Why Am I Having Such A Hard Time Planning Something Right Now?

Mar 24, 2021

Dr. Ashley Margeson, ND

Dr. Ashley Margeson, ND

NATUROPATHIC DOCTOR

Burnout has many ways of injecting itself into life and causing trouble. One of ways burnout interferes is by leading decision-making astray. 

Research published in The Journal of Neuroscience explains how the anxiety symptoms associated with burnout works to disengage the part of the brain that is essential for making good decisions. The area is the pre-frontal cortex (PFC), at the front of the brain, and it is the area that brings flexibility into decision-making.
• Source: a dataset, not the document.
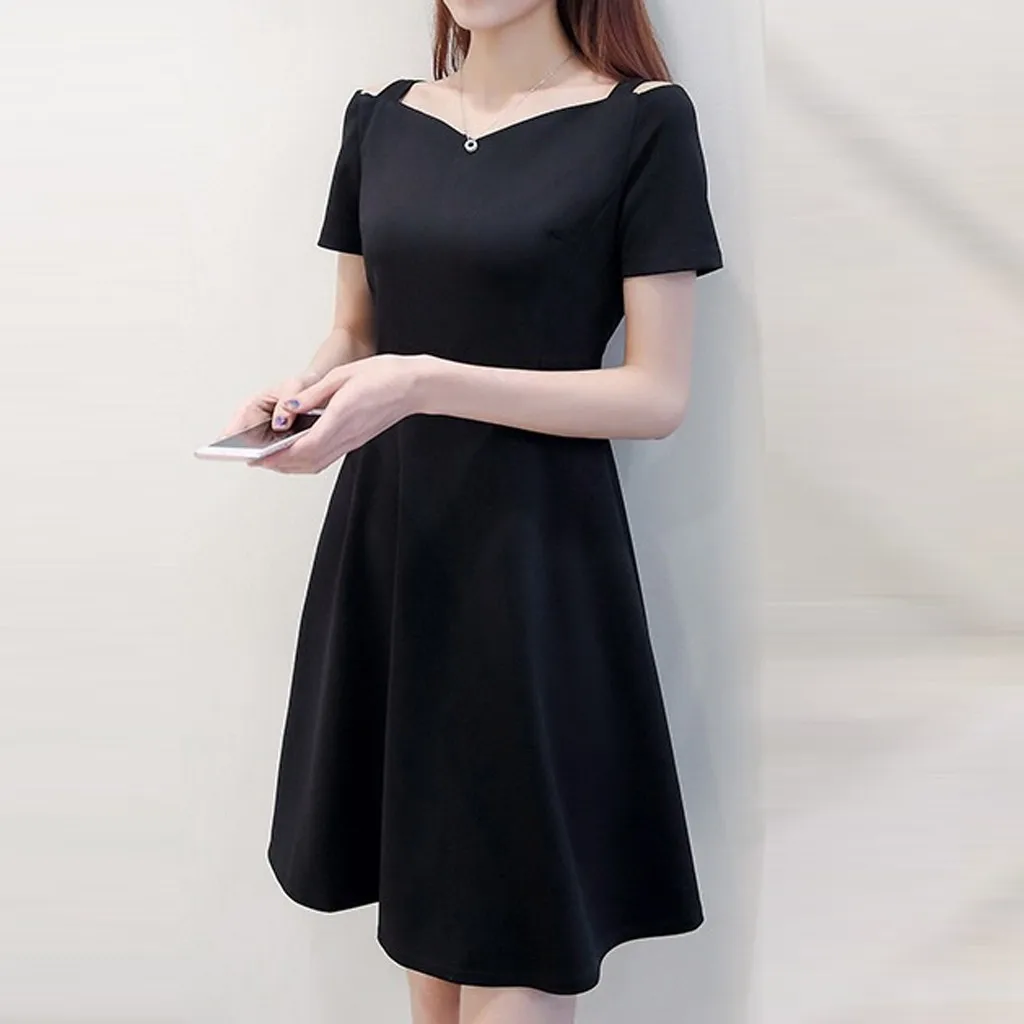 

Women Off Shoulder Short Sleeve Camisole Dress Modis Pure Color Knee Length Elegant Dress Vestidos Verano 2019 Mujer #5$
The PFC is the part of the brain that gets involved in weighing up consequences, planning, and processing thoughts in a logical, rational way. It helps to take the emotional steam out of a decision by calming the amygdala, the part of the brain that runs on instinct, impulse and raw emotion (such as fear).

What does this mean?

Our ability to make decisions is influenced by our brains ability to screen out and filter distractions. We need to be able to filter outside distractions – physical changes, environmental changes, work and personal conversations – or they start to interfere with our decision making ability. Burnout, and anxiety in general, interrupts the brains capacity to ignore these distractions by numbing a group of neurons in the pre-frontal cortex that are specifically involved in making choices.

How can we improve our decision making ability?

Prioritize

Spend the last 10 minutes of your work day making a list of the three most important priorities to accomplish the next morning. Then start your morning accomplishing those tasks before moving onto anything else (including checking emails)

Reduce Distractions

Put your phone on silent, eliminate notifications and give yourself a chance to work in 45 minute intervals uninterrupted. You will accomplish more this way.

Practice Mindfulness

Mindfulness strengthens the pre-frontal cortex, which is the part of the brain that can be sent offline by stressors. Without the full capacity of the pre-frontal cortex to weigh in on decision-making, decisions are more likely to become fixed and rigid and driven by intrusive emotions that don’t deserve the influence. Mindfulness strengthens the brain’s capacity to filter out distractions to make more grounded, relevant decisions. It limits the influence of the things that don’t matter, so you can focus on the things that do.